<<<<

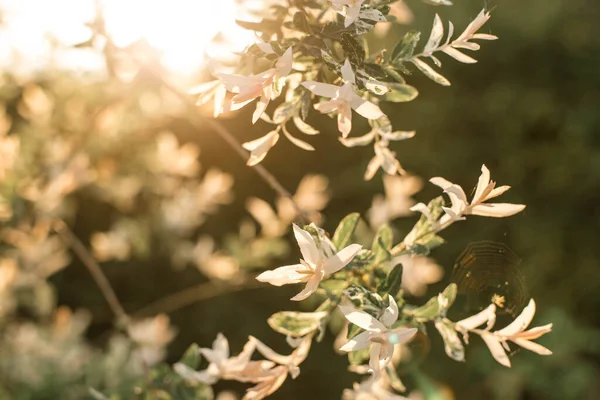 Flores Blancas Árbol Una Hermosa Luz Puesta Sol Suave Fondo — Foto de Stock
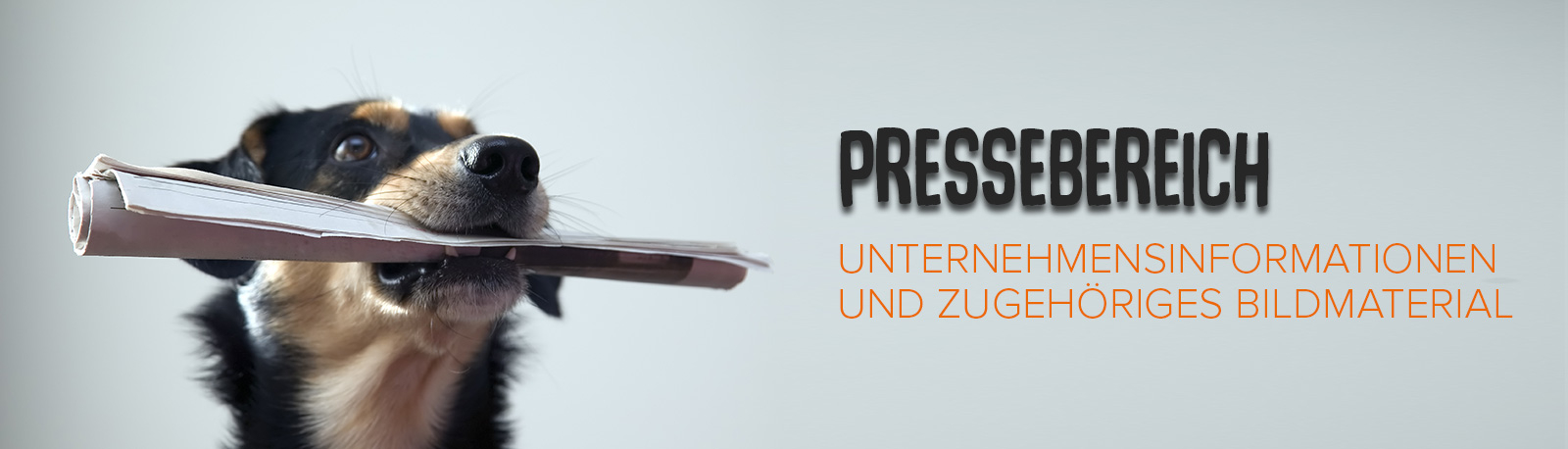 KNAUDER'S BEST Presse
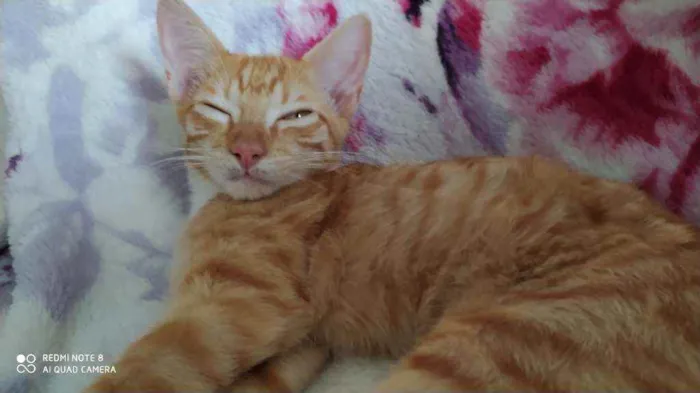 Gato raça Sr idade 2 a 6 meses nome ALFREDO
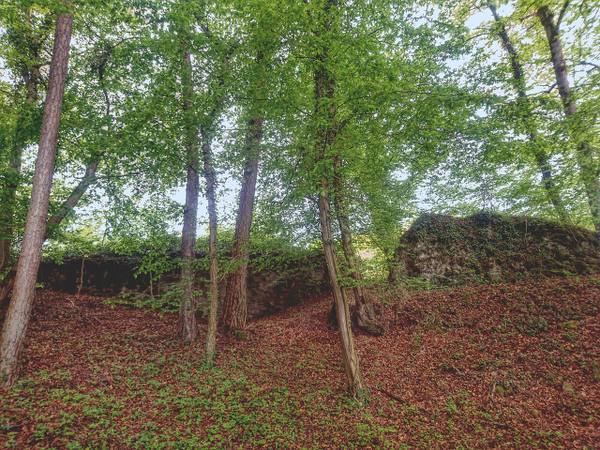 Neu-Elkerhausen Castle (Ruin) (Gräveneck)
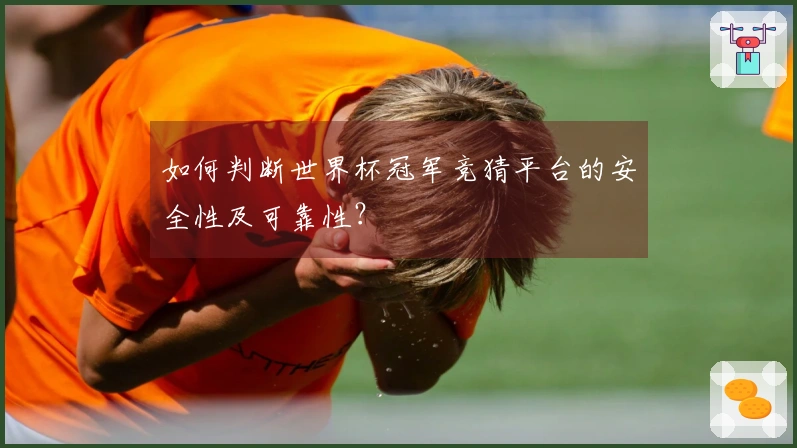 如何判断世界杯冠军竞猜平台的安全性及可靠性？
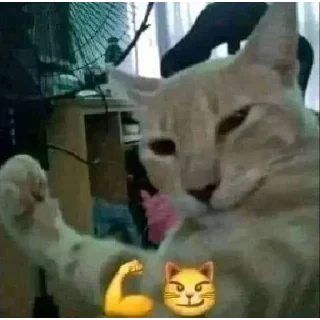 Стикер котики by @justcut3 - 0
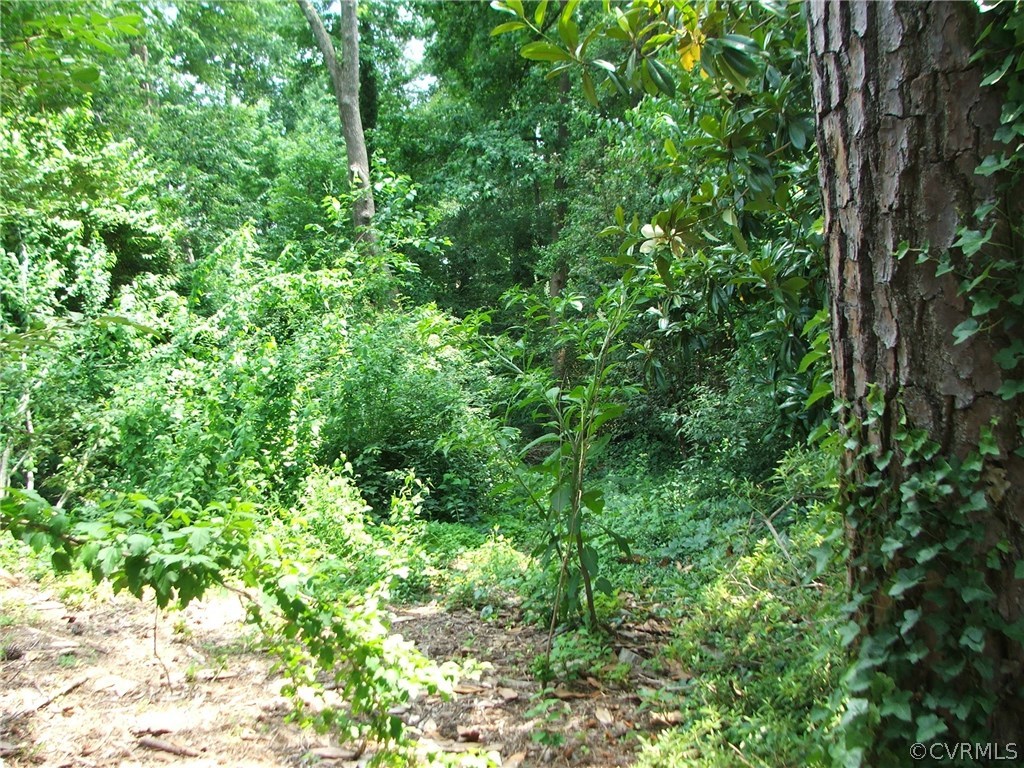 7201 Topsham Road Henrico, VA 23228 - Photo 39 of 43 Gallery Image 39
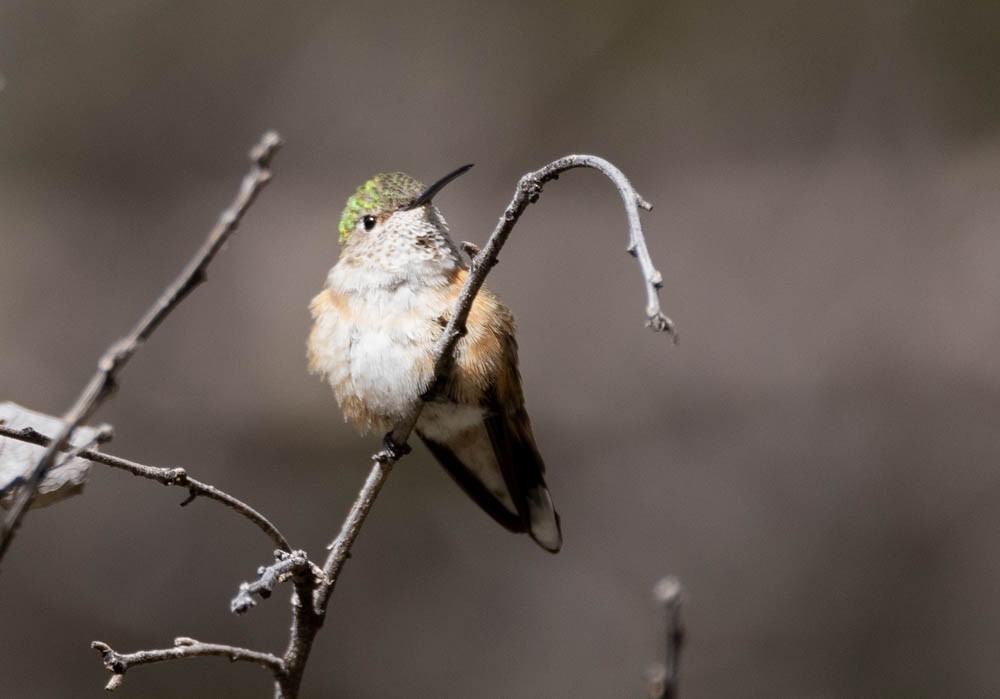 Broad-tailed Hummingbird - ML616222016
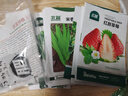 北蔬 蔬菜种子苗生菜菠菜小香葱芹菜阳台四季菜种籽 12种蔬菜种子套餐 实拍图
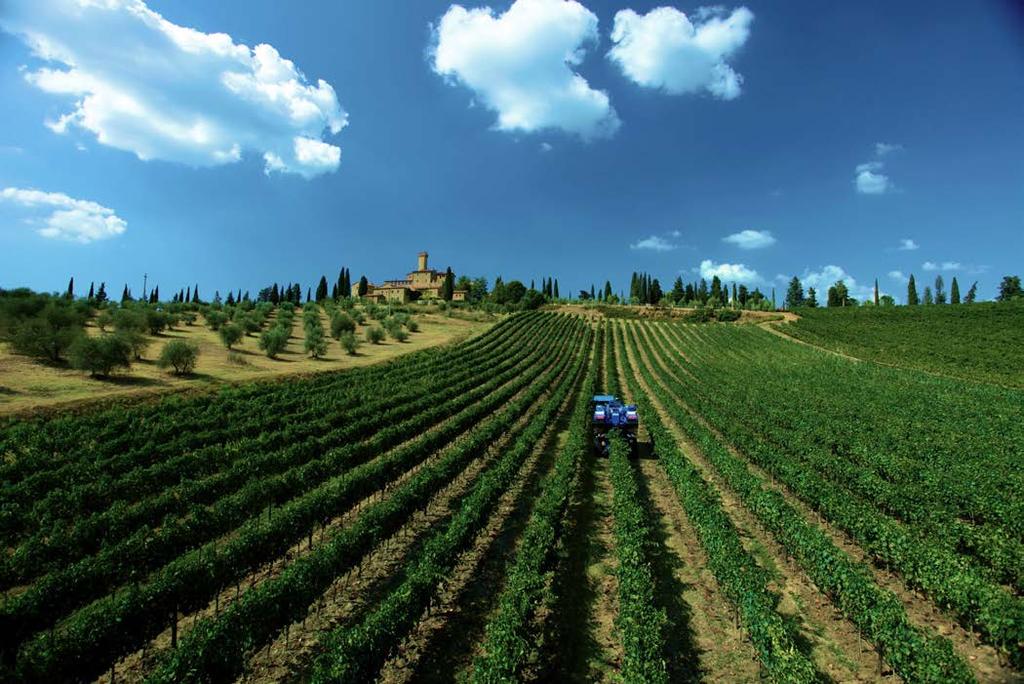 Ieri & oggi: La vendemmia Vendemmia tradizionale manuale Momento di raccolta e trasporto dell uva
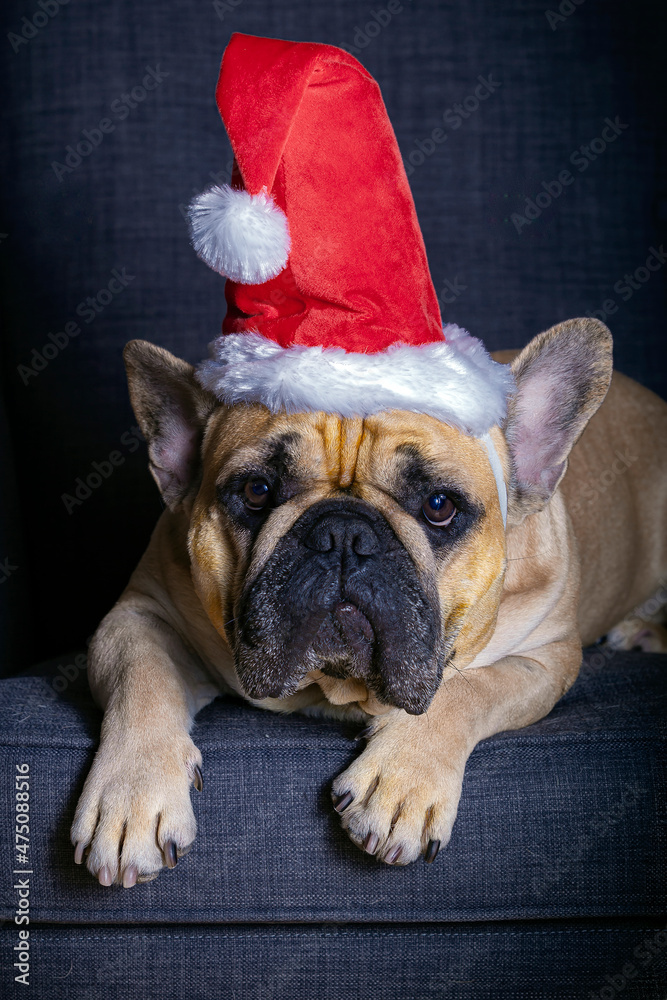 French Bulldog wishes Happy New Year.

>>>>

> WHAT THE EXERCISE ASKS: Which lines run from the one holding "Ieri & oggi: La" through the end of the records? Reproduce them word for word, both ends included, with no pictures.

> ANSWER TO THIS EXERCISE:
 Ieri & oggi: La vendemmia Vendemmia tradizionale manuale Momento di raccolta e trasporto dell uva
 French Bulldog wishes Happy New Year.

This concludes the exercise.